Com raízes na TAO, esta maneira de ver a tecnologia firmou-se já no nosso percurso de pesquisa e intervenção em contexto enquanto elemento norteador da leitura dos constrangimentos entretanto relatados a partir da adoção de ferramentas tecnológicas. Partindo de um caso numa empresa onde ocorreu a implementação de uma ampla componente tecnológica no controlo produtivo, caracterizamos brevemente o percurso de investigação traçado neste contexto industrial, bem como o dispositivo de intervenção colocado em marcha em resposta ao pedido da empresa. Em seguida, tentaremos demonstrar como esta proposta metodológica suportou uma reinterpretação da tecnologia em causa junto de vários atores organizacionais.
6. O caso de uma empresa química
Situada num complexo químico português, a empresa em questão é composta por 10 fábricas, as quais integram dois grandes pólos (interdependentes) de produção química industrial. A produção é contínua 24h através da rotação de 5 equipas de trabalho, sendo que, genericamente, cada uma delas era constituída por dois encarregados de produção (um para cada pólo) e 20 operadores químicos (2 por cada uma das fábricas).
Em traços gerais, à data da nossa pesquisa e intervenção no terreno (entre 2010 e 2012), o funcionamento de cada fábrica era garantido por dois trabalhadores: um operador de painel, responsável pelo controlo da automação do processo, na sala de controlo; e um operador de exterior, responsável pela supervisão exterior da produção e controlo da qualidade.
Nesta empresa, a questão da saúde e segurança no trabalho adquiria ainda mais relevância na agenda dos seus decisores, uma vez que, face à relativa contiguidade do complexo químico com a comunidade envolvente, um eventual acidente acarretaria não só consequências diretas para a empresa mas também para a população daquela região.
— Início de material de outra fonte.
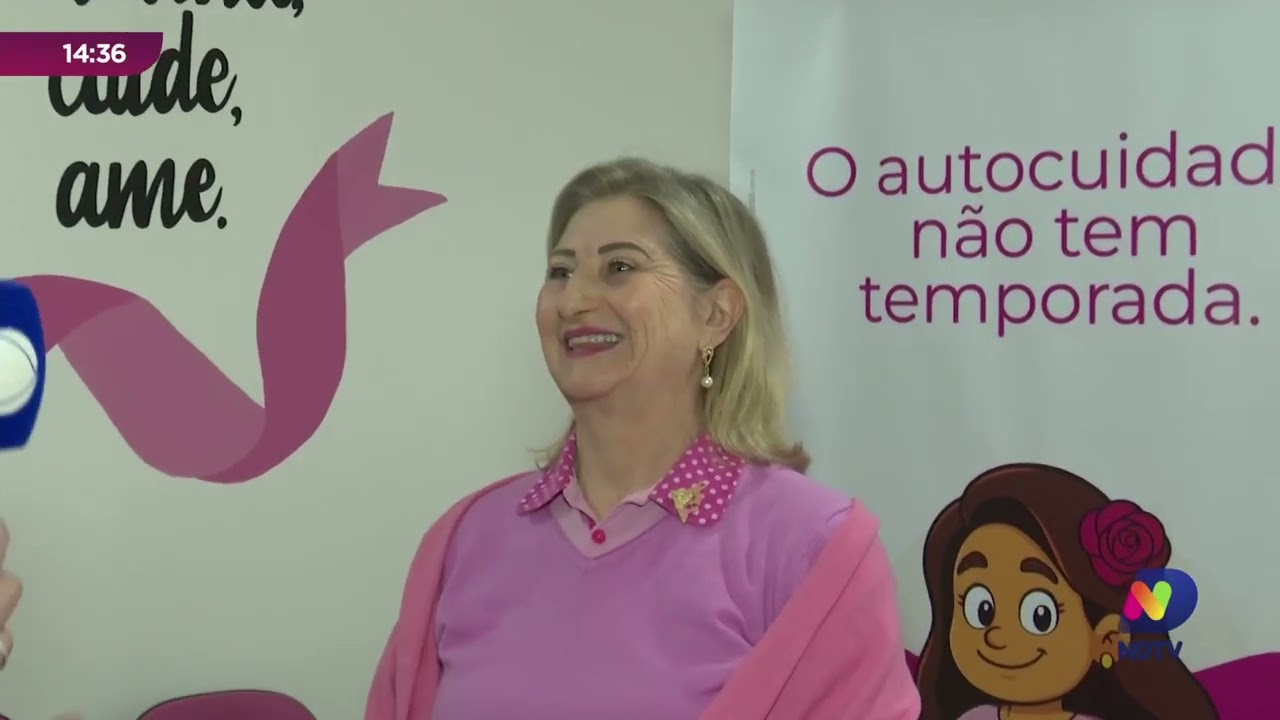 Rede Feminina promove quinta edição da Pizza Solidária em Chapecó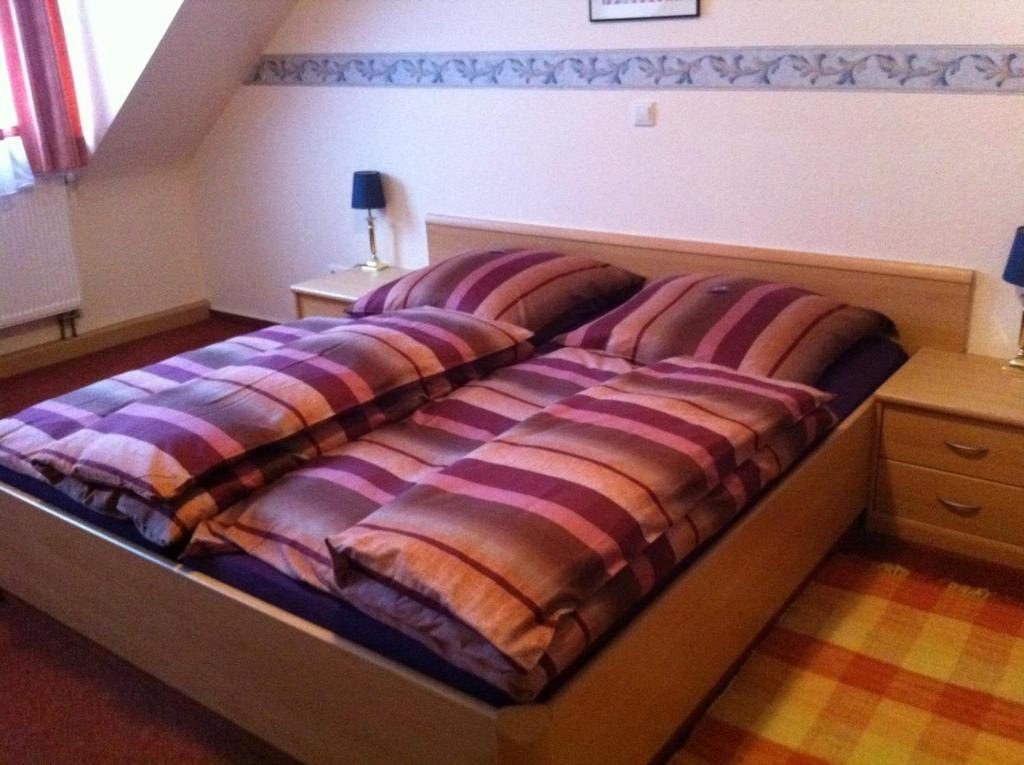 Hotel Eigelstein Cologne Luaran gambar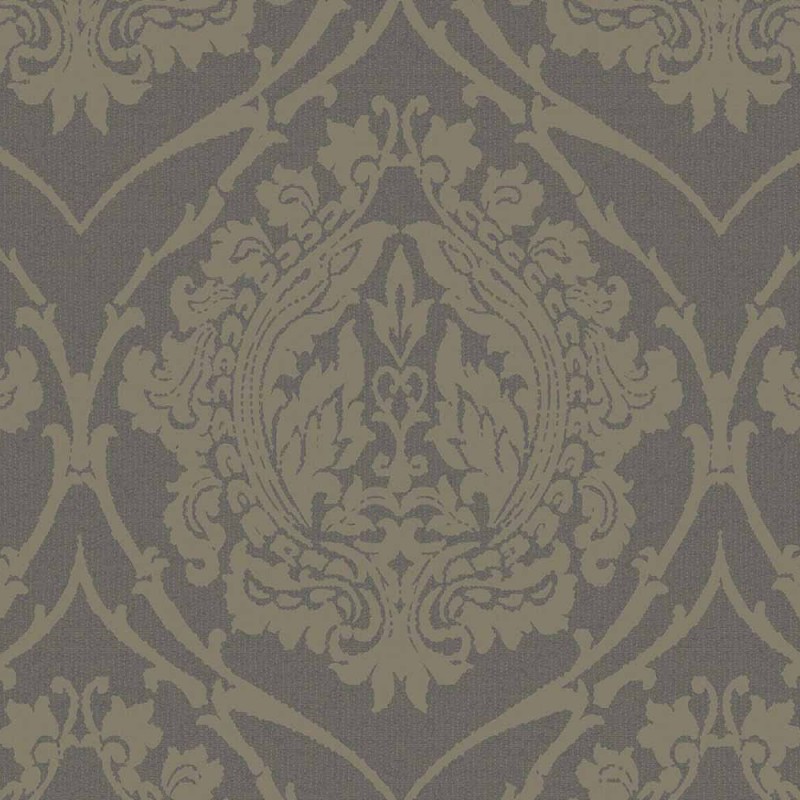 Обои Architector VN01200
Deste modo, o foco da empresa em matéria de segurança não só era dirigido para a proteção dos seus trabalhadores mas igualmente para a prevenção dos “acidentes industriais graves” (Diretiva 2012/18/UE)[3], ou seja, acidentes que envolvam substâncias químicas perigosas, cujos efeitos nefastos para o homem e para o ambiente poderão ultrapassar os limites espaciais da empresa e a janela temporal do evento crítico.
A referência à questão da segurança nesta empresa serve para melhor enquadrar o pedido de intervenção formulado pelos seus responsáveis junto de uma equipa de psicólogos do trabalho[4]. O pedido inicial visara o desenvolvimento de uma formação (dirigida aos operadores químicos) no sentido da prevenção da ocorrência de acidentes industriais e ambientais e da promoção da saúde e segurança no trabalho (Vasconcelos et al., 2012). Desde os primeiros momentos de negociação do pedido, foi possível verificar que a questão da segurança estava no topo da lista de prioridades, dado que, nesta empresa em particular, a segurança traduzia-se diariamente não só num imperativo legal mas também em imperativos comunitários e ambientais (Vasconcelos & Silva, 2012).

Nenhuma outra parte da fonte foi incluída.